BRCA1 or BRCA2 mutated TNBCs are sensitive to poly(ADP-ribose) polymerase (PARP) inhibitors and platinum chemotherapy due to a deficiency in homologous recombination repair of DNA damage (19). Clinical trials among patients positive for germline BRCA mutations investigating various PARP inhibitors (olaparib, talazoparib and veliparib) are outlined in Table 2 (20-24). These clinical trials investigated various PARP inhibitors either as monotherapy or combined with chemotherapy. The results have demonstrated clinically significant improvements in progression-free survival, especially in subgroup analysis targeting TNBC. Quality of life benefits have also been reported, however, no significant improvements in OS have been observed to date (25,26). A recent presentation at the virtual ASCO 2020 annual meeting indicates a trend towards improved OS among patients with germline BRCA mutation carriers treated with cisplatin and veliparib versus chemotherapy alone (OS: 13.7 vs. 12.1 months; HR =0.66, P=0.14) (27). Recent studies have also indicated that PARP inhibitors may also benefit patients with somatic BRCA mutations and other homologous recombination defects or BRCA-like mutations (28). PARP inhibitors are also being tested in combination with immune check-point inhibitors and the results from these studies are eagerly awaited. PARP inhibitors may modulate the immune tumor microenvironment and increase genomic instability which may potentially increase responsiveness to immune checkpoint inhibitor therapy (29). Overall, timely access to BRCA testing in advanced TNBC patients has limited more widespread use of PARP inhibitor therapy.

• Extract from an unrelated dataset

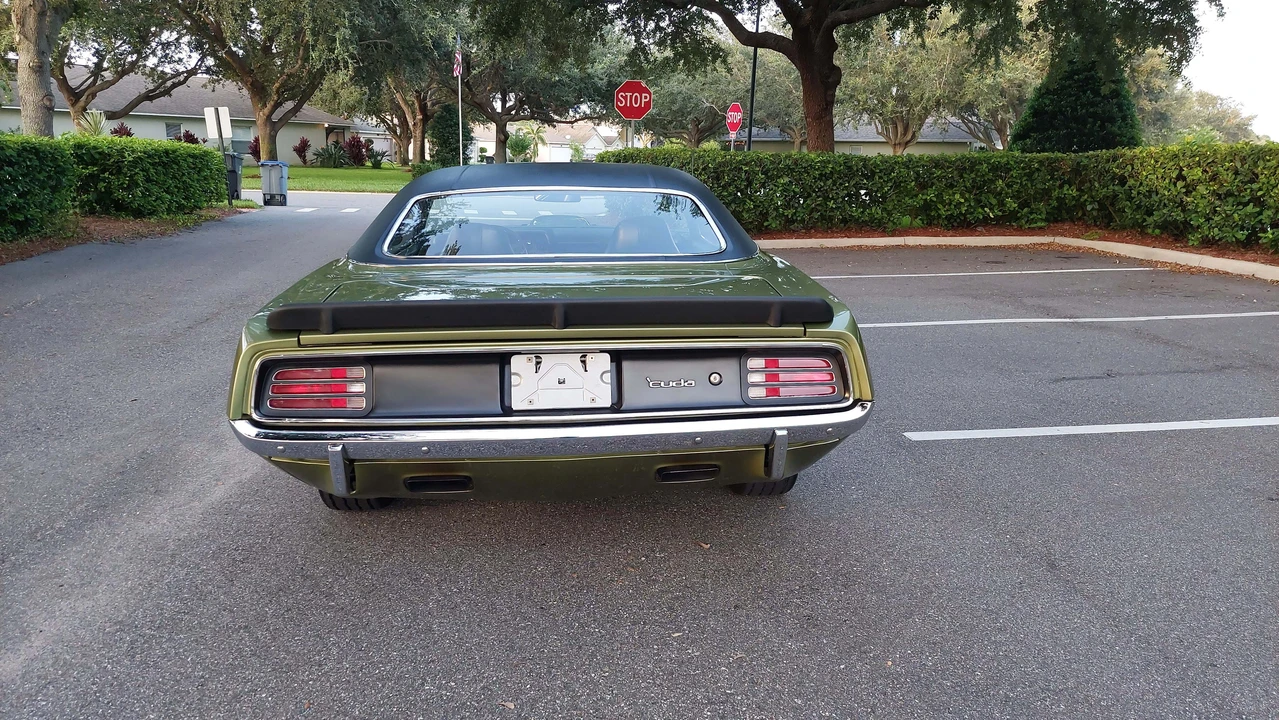 1970 Plymouth 'Cuda 3rd Gen Coupe - Image 27 of 31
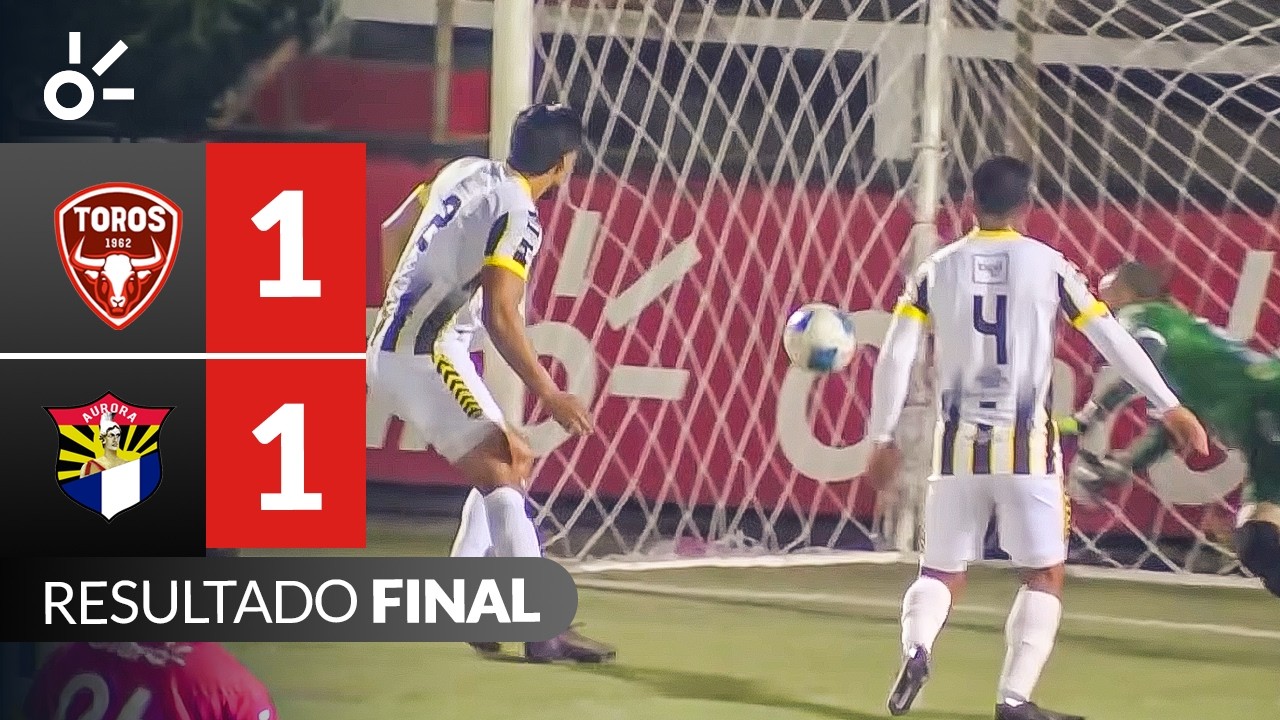Malacateco [1-1] Aurora FC | Resumen final | Jornada 15 | Liga de Guatemala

Targeted therapy to date has only shown very modest success in the management of TNBC. One of the most investigated strategies has been targeting blockage of the AR. Phase II clinical trials have been conducted using bicalutamide, abiraterone acetate and enzalutamide. The AR is positive positivity in approximately 20% of triple negative breast cancer cases and current phase II studies have demonstrated CBR ranging from 19–25% and median PFS of 3 months (30-32). To date, strategies targeting the AR have not made any large-scale impact in the treatment of triple negative breast cancer, although studies combining androgen blockade with other novel agents are underway.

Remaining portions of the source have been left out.